Aim of the task — Only the lines from the top of the listing below to the line that has "Graphical abstract: Biomaterials" should be echoed, with both ends kept and pictures left out.

[Listed entries Boundary: Start]

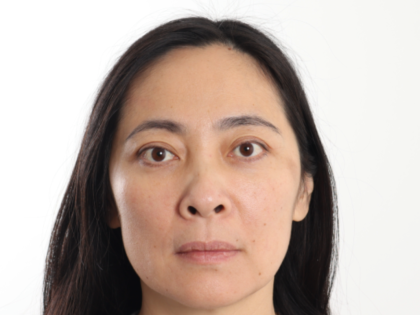 Blepharoplasty Before & After Patient #4195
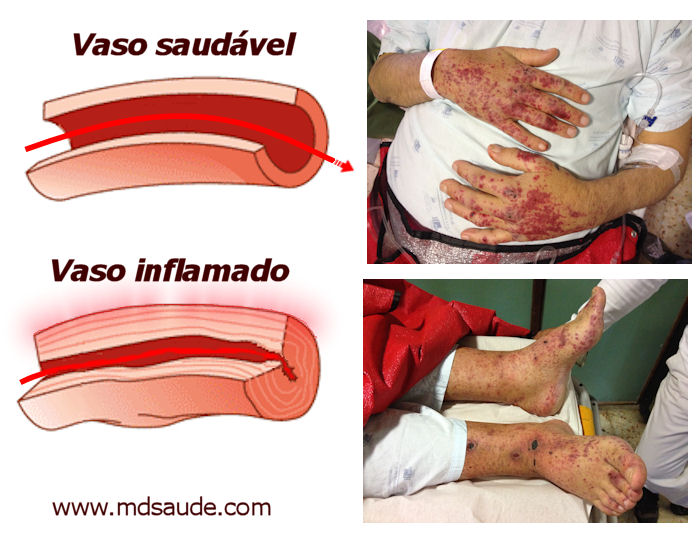 Vasculite de pés e mãos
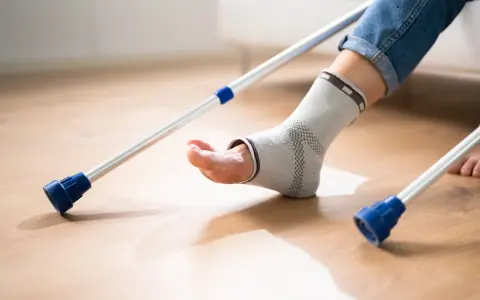 Osoba w ortezie stawu skokowego, opierająca się na kulach, po zabiegu artrodezy stawu skokowego.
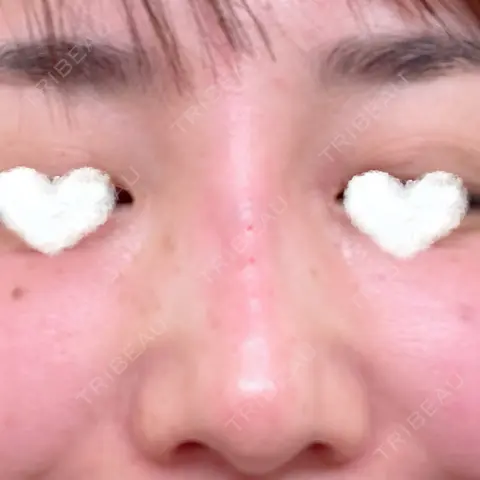 ヒアルロン酸注入（鼻） ももスキンケアクリニック DAY 0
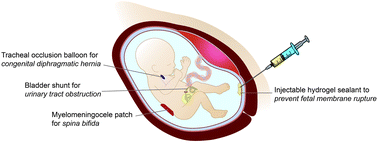 Graphical abstract: Biomaterials in fetal surgery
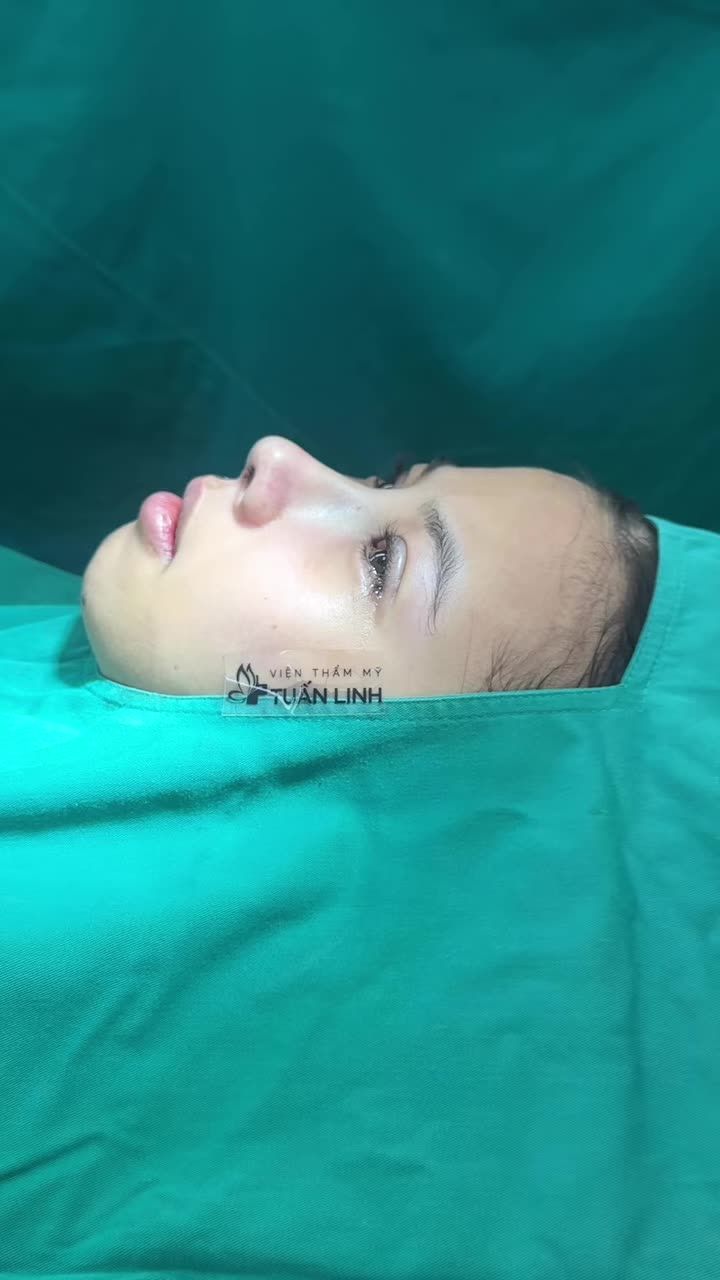 Case combo mũi mí vừa hoàn thành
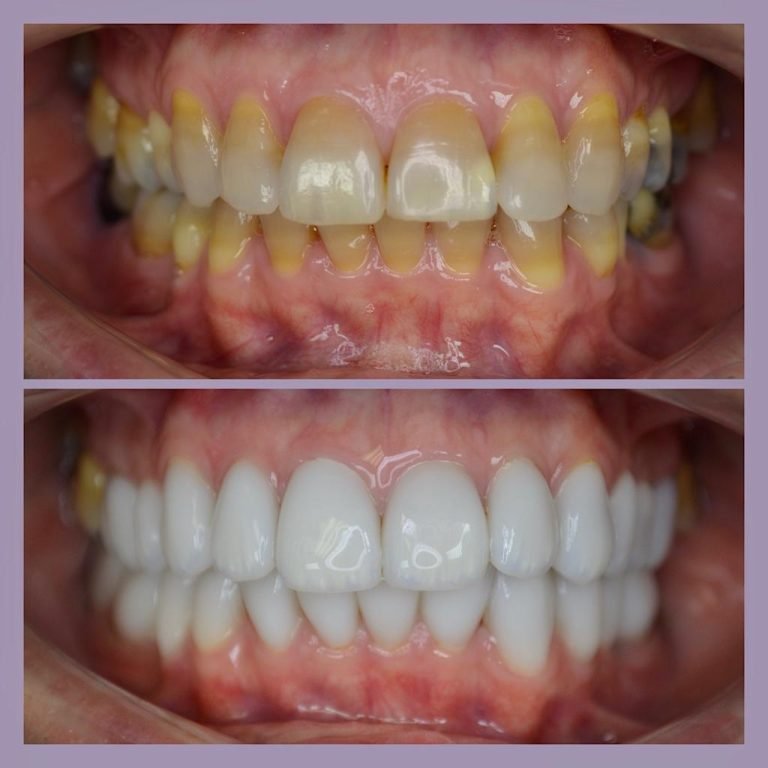 Ružinov Zubná Klinika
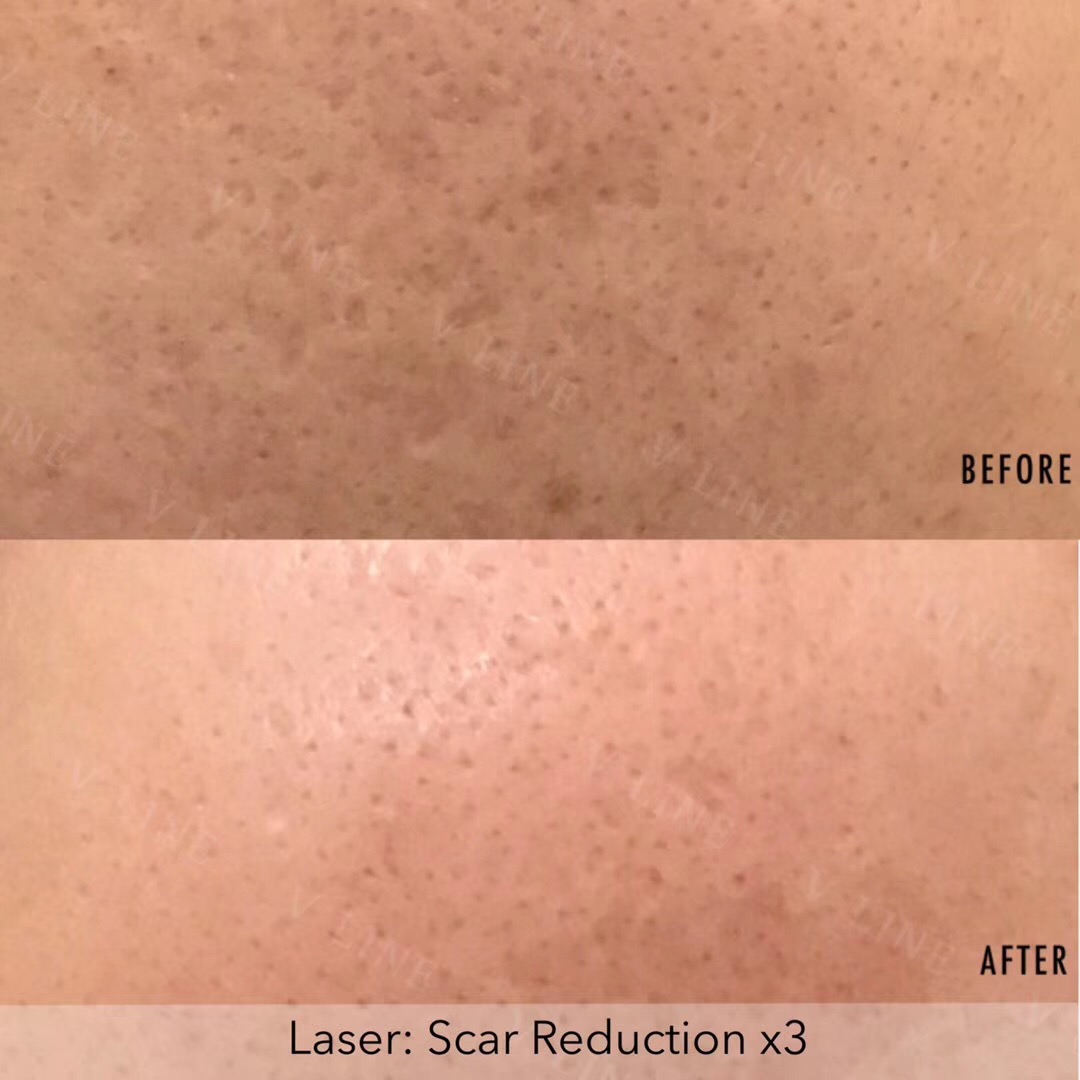 Scar Treatment Before & After Gallery - Patient 133236016 - Image 1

[Listed entries Boundary: End]

Solution for this exercise —
 Blepharoplasty Before & After Patient #4195
 Vasculite de pés e mãos
 Osoba w ortezie stawu skokowego, opierająca się na kulach, po zabiegu artrodezy stawu skokowego.
 ヒアルロン酸注入（鼻） ももスキンケアクリニック DAY 0
 Graphical abstract: Biomaterials in fetal surgery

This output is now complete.